The Anderson Ranch Arts Center is working with a curriculum development company to create curriculum about the visiting artists and their work for educators to use. Martinez said this curriculum is especially valuable because children will get to see themselves in their schooling and realize there are people who look like them and share their experiences.

“Regardless of what community you are a part of, other young kids can learn about these amazing artists and cultural traditions,” said Martinez. “Cross-cultural connection is really important whether you identify as Latino or not.”

“I think these are great pipeline programs to be able to expose young minds and young people to the arts and for them to see themselves as part of this arts community. The long-term impact of that is invaluable,” Sánchez said.

According to Sánchez, in many mainstream art programs, Latino students may not feel safe or welcome and do not see themselves reflected in the experiences. Art institutions strive for programs that focus on engaging the creative minds of children, however most programs fall short when it comes to diversity, Sánchez said.

“What the Ranch is modeling is a program where young people, who in this case happen to be Latinos, experience curriculum that has been curated to ensure they see themselves,” he said.

From Sept. 18 to Oct. 15, Rafael Fajardo will be a visiting artist working at the Anderson Ranch Arts Center. Fajardo, a Latin American immigrant, creates socially conscious video games as an art form. He is also slated to be on the panel for Finding Your Voice: Culture and Community in Latinx Art and the Arts and Education Workshop.

Artist Rafael Fajardo will be visiting the Anderson Ranch Arts Center from Sept. 18 through Oct. 15.
Courtesy of Roddy MacInnes

As a Latin American artist and immigrant, Fajardo said he has always been conscious of the absence of Latinx voices in mainstream media. When he started exploring the idea of creating video games with heavy subject matter 20 years ago, the consensus was it could not be done.

“Our first experiments really took gameplay from the most popular video games at the time and changed out the visual artwork in those games. We demonstrated that you could indeed have video games that talk about serious subject matter,” he said.

“We took the gameplay of Frogger, which was one of the most commercially successful arcade video games of all time, and changed out the visual artwork from a cute frog to a cute brown person,” Fajardo said. “We located it at the U.S.-Mexico border and put the player in the role of embodying a cute brown person trying to cross the U.S. Mexico border.”
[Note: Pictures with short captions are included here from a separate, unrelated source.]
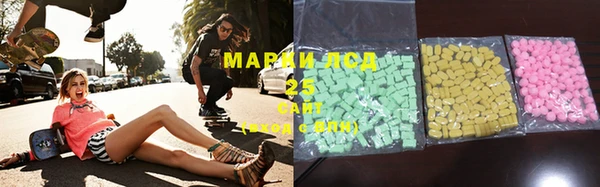 индика Березники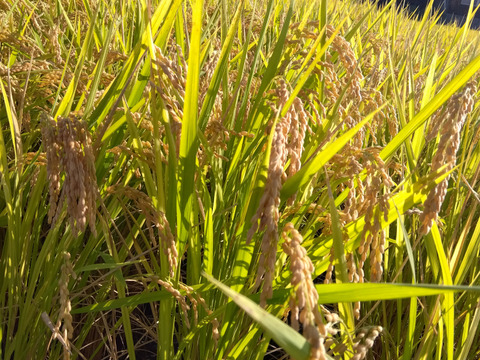 最終限定1箱　和歌山県橋本市産　低農薬約30キロ米　全国送料無料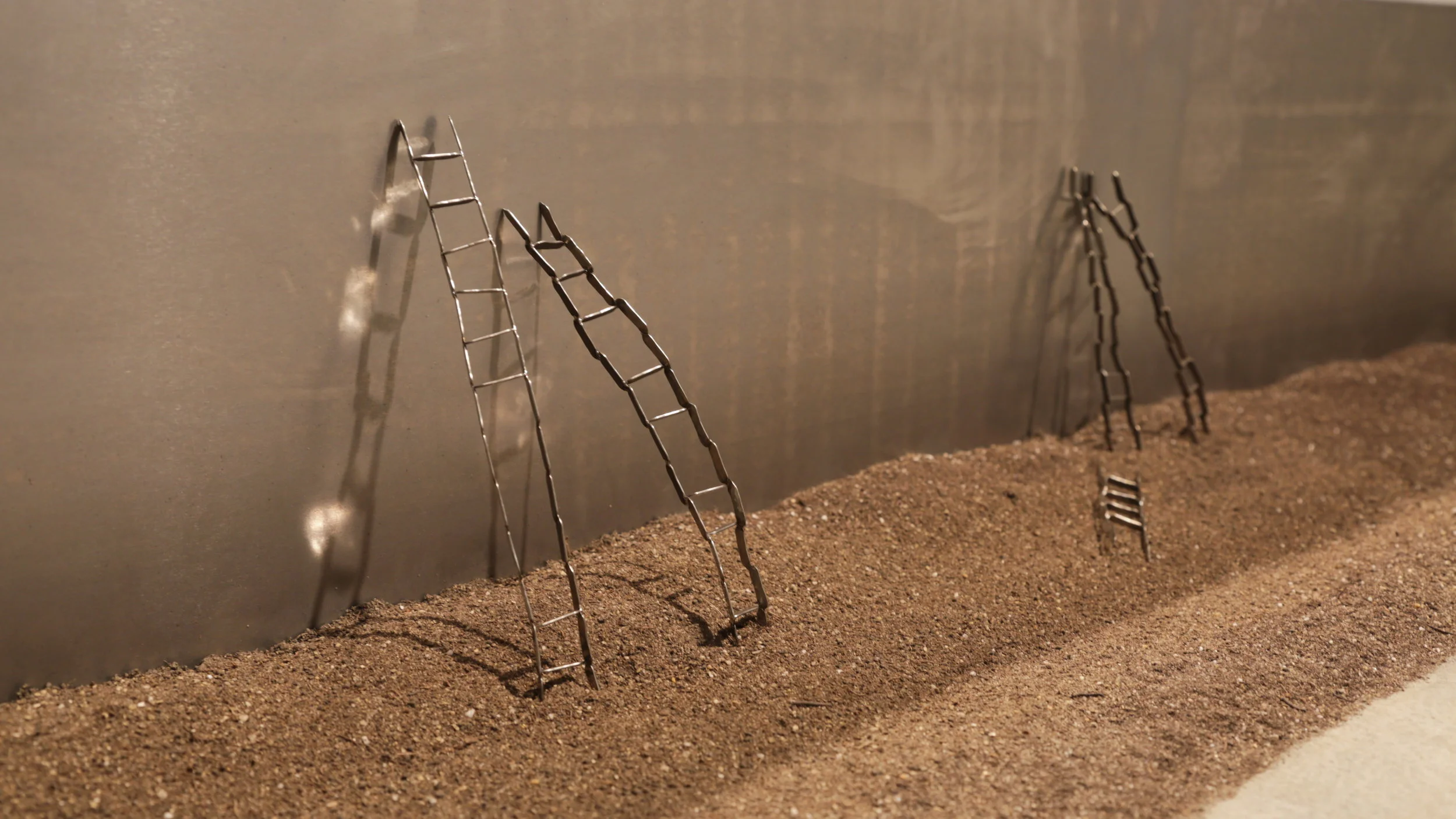  Photography of  A Shadow's Dream  by Alethea Busch. 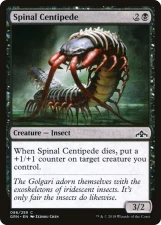 Spinal Centipede card image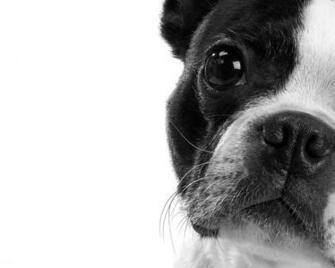 From The Daily Frenchie Yes There Is A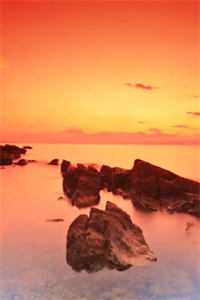 晓色尽处无晨曦免费阅读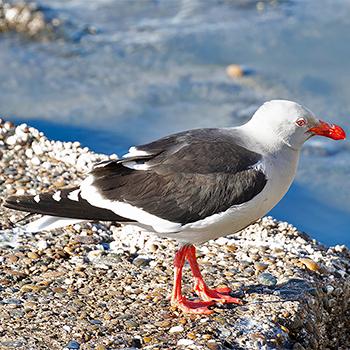 Dolphin Gull
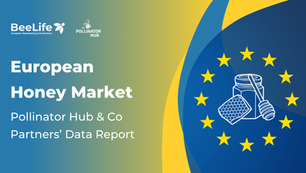 The European Honey Market – A Crises Report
This image was captured from a moment early in the game Crosser. It shows the player character, Carlos Moreno, in his starting position at the bottom of the image.
Courtesy of SWEAT Collaborative

Fajardo was living and working at the U.S. Mexico border at the time he created the game. The game represented both a personal investment and narrative for him.

“That game had a very specific set of messages. On the one hand, it was a critique of video games that had come before. It was also providing representation of people who were not present and providing stories that weren’t present in the media. It showed that the medium is capable of handling diverse representation and diverse storytelling,” he said.

Although exploring video games as an art form and medium of expression is fairly new, Fajardo said that there are now many others finding identity and voice through creating video games.

“I am honored and humbled to be considered worthy of being a role model for communities,” he said. “I’m hoping that I can actually help somebody find their voice and help somebody find a pathway through art.”